扬在中弟兄见证

追念余洁麟弟兄

我第一次看见余弟兄是1969年在洛杉矶的艾登会所。他刚从香港来到美国。这正是主在美国开工,训练一批弟兄姐妹,准备移民到美国的各大主要城市建立金灯台之前,所兴起的“艾登会所大复兴”的时候。

余弟兄来了没有多久,我就看见他在青年聚会带领聚会和陈启宗等弟兄释放信息。只觉得余弟兄能干,有才华。

1983年在洛杉矶开华语工作始,我们在洛杉矶成立第四会所。弟兄们邀请余弟兄来交通。他在我们家住了一上,第二天我们一同去参加主日聚会。余弟兄主讲主日信息。我算是与弟兄有真正一对一,面对面的交谈。

我真正对余弟兄有更深的认识和接触,是借着张光弟兄邀请我去参加学人学者的服事,然后2014年的工商福音的服事、外语福音的服事,2020年以斯拉训练的服事等等。这些都是在余弟兄的的带领之下,也都是圣灵的水流的工作。

但是最让我感动、甚至震撼的,是2020年与弟兄给我们的二十几篇信息。我现在用“重新估价”的那一篇公开信提出几点在下面与大家一同分享, 共同勉励:

一、重新估价我们的生活,是否有“时代的价值(dispensational value)”?我们是否在所有事上信靠神在地上过帐棚的日子?是否在所有事上先顾到神的国、神的义?使徒呼召人脱离罪归向主,但主却呼召人脱离金钱跟随。许多人传发财的福音,但主传的是破财的福音。神的儿女要从世界拔根,过帐棚生活。为着国度的福音有份于移民的行动;移民的好处,就是与过去的背境切割,学习过单仰望神的信心生活。国度福音的广传,是与世界的切割是分不开的。
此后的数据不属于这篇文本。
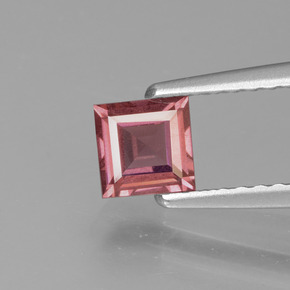 0.52カラットの天然ピンクがかったローズロードライトガーネット（4.4×4.4 mm・四角）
二、重新估价我们的召会生活,是否实行活力排产生得胜者?李弟兄1992年释放活力排的负担,脱离三大敌人:死亡、不冷不热和不结果子。人人尽功用,个个作祭司。从“会”转到“人”,从“来”转到“去”,从“大”转到“小”?

三、重新估价我们的事奉,究竟在审判台的光中,我们的事奉能否被称许?我们的服事,能否够得上主的标准?生命长进是渐进的,但银子的运用(服事)是立即的。我们的事奉是否蒙主称许,在乎我们有没有复制自己尽一切智慧,把所有人认为没用的都用上去。我们的职责乃是成全他人,事奉最终目的,乃是要成全出人来。成全圣徒,各尽其职,建造基督的身体。今天我们的工作不是作出工来,乃是作出人来。今天工作的果效是人作出多少。今天不是我们自己作多少的问题,而是别人作多少的问题。

四、重新估价我们的工作(活力排,移民,福音,等等)是否开拓性的、动态的?我们前面弟兄们给我们的榜样,是一直动,一直往前的。中日战争开始时,倪弟兄办“敞开的门”一报,他提醒同工们, “今天不是应付环境,乃是到各处传福音,开展主的见证。”同工的脚踪,不是停留一地,乃是遍踏全地。今天在南洋各地见证,都是那时兴起来的。守望祷告,带进奉献和移民。全球守望祷告后,国内有弟兄在“祷告中经历雷声闪电,随即奉献带着工厂移民至东南亚某处没有召会的地方。”这是否主行动的先兆?我们的守望祷告是否还在继续?